At present, such facilities when located on reserve do not uniformly appear to have even the minimal protection afforded by these provincial requirements. The hearings provided ample evidence of wells that were badly constructed, located where surface run-off could infiltrate them, and open to contamination by animals. We likewise heard evidence of poorly designed and badly maintained septic systems and cisterns.
Our terms of reference allowed us to consider "Indian and Northern Affairs policy not to fund private, individual systems (wells and septic systems)" without attempting to address or resolve it, except to note any problems it caused and further work that might be needed.
A policy not to fund wells and septic systems does not preclude trying to ensure that these are built to a safe standard. Provinces and municipalities do not fund private wells or septic systems, but they do require a landowner to construct them properly, and in the case of wells, to do so by using a licensed contractor. This does not appear to be the case with the federal government. Health Canada tests well water at the time of commissioning, but has no regulatory authority over the construction of the well nor, indeed, power to act if the test results show the water to be unsafe. Band councils have authority, under the Indian Act, to pass resolutions governing these installations, but few if any have done so. It is understandable that they might be disinclined to require band members to meet potentially expensive standards..
A further point is that both INAC and Canada Housing and Mortgage Corporation are involved in the funding of individual, household-level systems as part of the construction of federally-supported housing stock. The involvement, however, does not include maintenance, repairs, upgrades or replacement after construction.
There is a case to be made that the owner of the land on which private wells, cisterns and septic systems are located has obligations around their operation. Under the Indian Act, the Crown has underlying title to reserve lands. It should therefore follow that the Crown would also have title to fixtures to the land such as private wells, septics and cisterns. (It also follows, of course, that this title would extend to all fixtures on reserve lands, including community water and wastewater systems.) This could support an argument that the Crown at least shares responsibility for major repairs and maintenance related to the health and safety of private wells, cisterns and septics, in addition to its obligations around community systems.
Finally, a problem arises from the current policy. Because INAC does fund the building and operation of community systems, and because resources are so limited, this policy might disincline INAC to support the building of collective systems to replace individual wells and septic systems.
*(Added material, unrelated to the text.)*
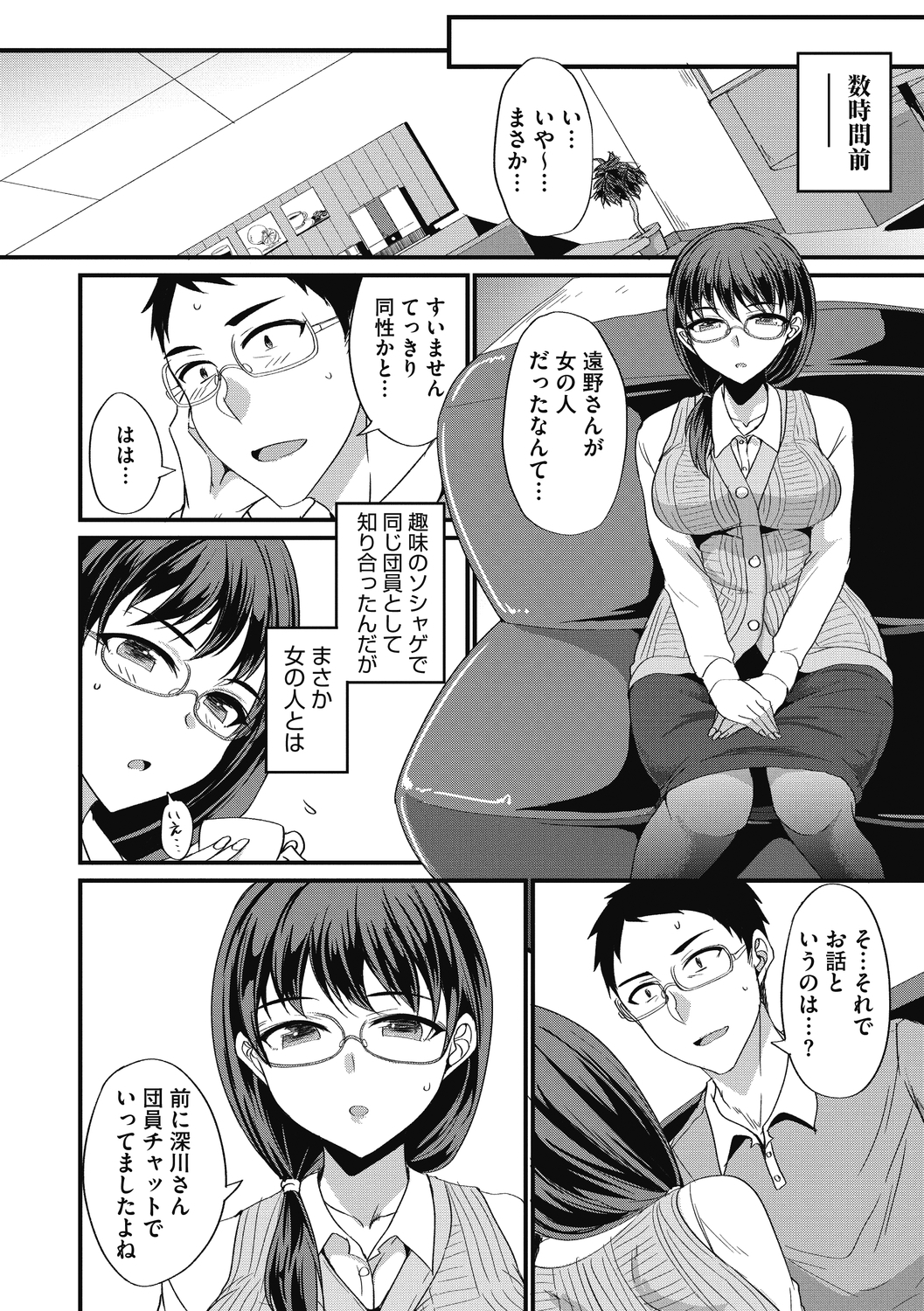 コミックメガストアディープVol。 29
This is not necessarily a problem in and of itself, except that:
- The federal government has not taken the kind of precautions imposed off-reserve to ensure individual systems are adequate;
- With limited resources, the upgrading of a high-risk community plant elsewhere in the region might take precedence over building a plant that might lower the (largely undocumented) risks from individual systems; and
- Neither band councils nor members themselves have the resources, in many cases, to ensure the adequacy of individual systems.
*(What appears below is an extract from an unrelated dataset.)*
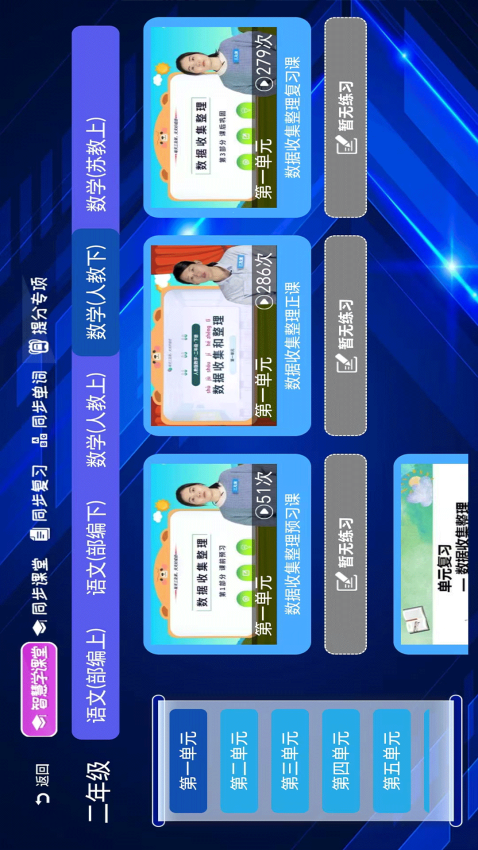 小学语文数学英语同步课堂Appv7.0.0 3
This is clearly an area in which the federal government must undertake further work. There is, first of all, the need to put in place the basic controls on construction that are in place off reserve. The protection afforded by the controls on construction could even be enhanced. For example, a serious gap in the current provincial and territorial standards for wells is site selection, which is critical to the safety of drinking water. Control over site selection would be a valuable element of all well-construction regulations, including those on reserve.
Beyond that, more work needs to be done to understand and meet the additional responsibilities for individual systems incumbent on the Crown and local Chiefs and Councils. These are not private ownership situations as is understood off reserve. The federal government is the residual landowner, while the band council may be regarded as the landlord. Even where residents occupy the land through a Certificate of Possession, this is not ownership "in fee simple."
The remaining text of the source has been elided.